They never better their first original work, and plough the same furrow making
their later compositions just variations on a theme. Yet there are rare artists
who define an era, and their work both embodies and propagates memes.
Bubba Sparxx once rapped, “Rhyming chose me”.
As with art, science and theory leaps forward from singular people or places
that seem truly inspired. There are often people working on similar things but
only one gets the credit and is remembered. If it could ever be shown radical
ideas and advances come from on high, it must be a scattergun approach where
several people are simultaneously trying to establish it, and it doesn’t really
matter who will win the race – just that one will.
Passing on Learned Behaviour Via Memes
The above are speculative asides. My main thrust is that ideas, fads or
philosophies can be transmitted without local contact. These are memes that can
be devolved and spread within limitations or throughout all society.
Consider personal experience. Haven’t we all done something for the first time
and then discovered how natural it seems? Like riding a bicycle, it can take a
few moments and then seems like we always could do it.
Don’t we all know someone who did something by chance and then it became a
life’s work or career? Let’s consider a body of knowledge, a recently evolved
meme such as ‘heart surgery’.
A new or trainee heart surgeon consciously learns the craft, but he/she is also
memetically guided by the prior experience of others.

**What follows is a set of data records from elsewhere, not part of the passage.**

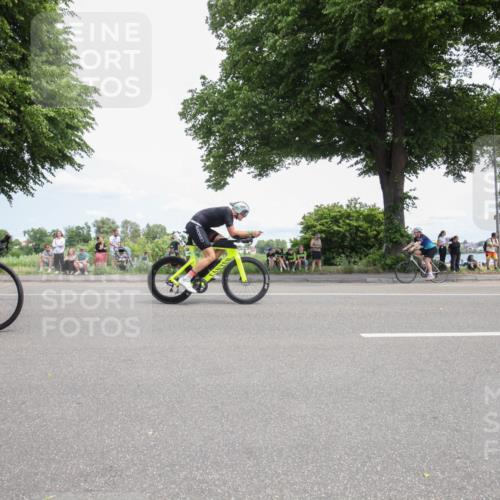 15.06.2025 - 7 Türme Triathlon Yannick Fuchs http://msf.ph/oto/7990522 15.06.2025 13:15:01 Radfahren 289, 297, 337, 547, 662, 861, 925, 1001, 1058, 1128 meine-sportfotos.de
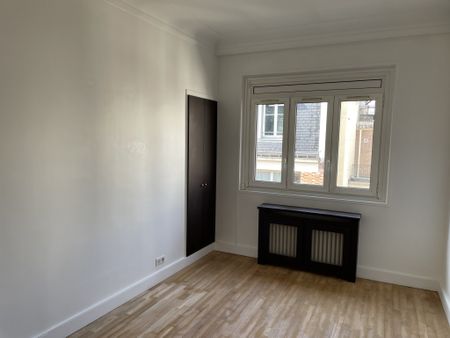 BEAU 2 PIÈCES 62,40 M² PARIS 8ÈME, RUE LA BOÉTIE - Photo 3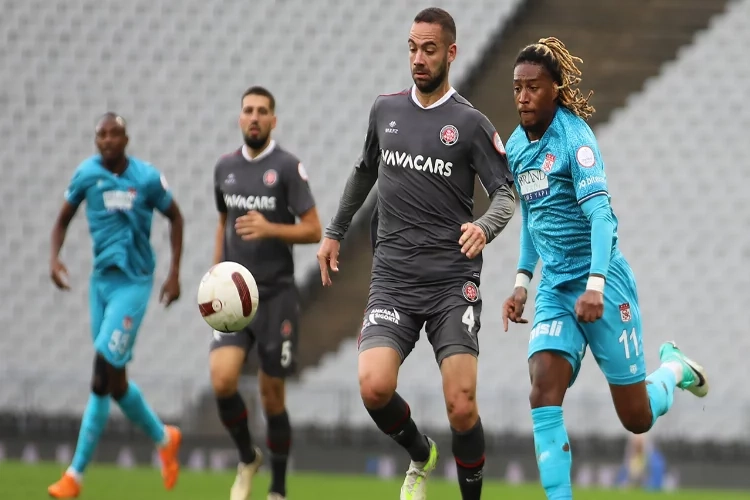 Sivasspor, Fatih Karagümrük’e yenildi haberinin görseli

Like acting or any trade, this memetic devolvement is
best felt to be working when the subject is relaxed and has ‘let themselves go’. The examples of those that did it before us
are like invisible spirit guides once we are ‘in the groove’.
Great men are said to sit on the shoulders of others before them, and so it is
with all activity, whether it be carpentry, mothering, lying or fighting. No
matter how harmful or mundane, others have built tramlines of the mind. In
careers, apprentices or trainees can experience this as an arbitrary choice
‘fitting like a glove’. They have discovered an aptitude or somehow ‘picked it
up’ without really being able to explain how. In animals of lesser
consciousness, this becomes a pure instinct in which all eat, fight and sleep
in practically identical ways.
Is there evidence learned behaviour is carried to others? One example would be
when a rat finds its way through a maze. A second rat seems to find its way
through the maze even quicker. In experiments, rats have been killed (to
prevent telepathy) or identical new mazes substituted (to prevent scent
trails), yet despite this, rats are progressively able to get through these
mazes faster than the earlier ones. Where does this knowledge reside? They are
accessing a meme that is being built, a meme of knowledge about the maze.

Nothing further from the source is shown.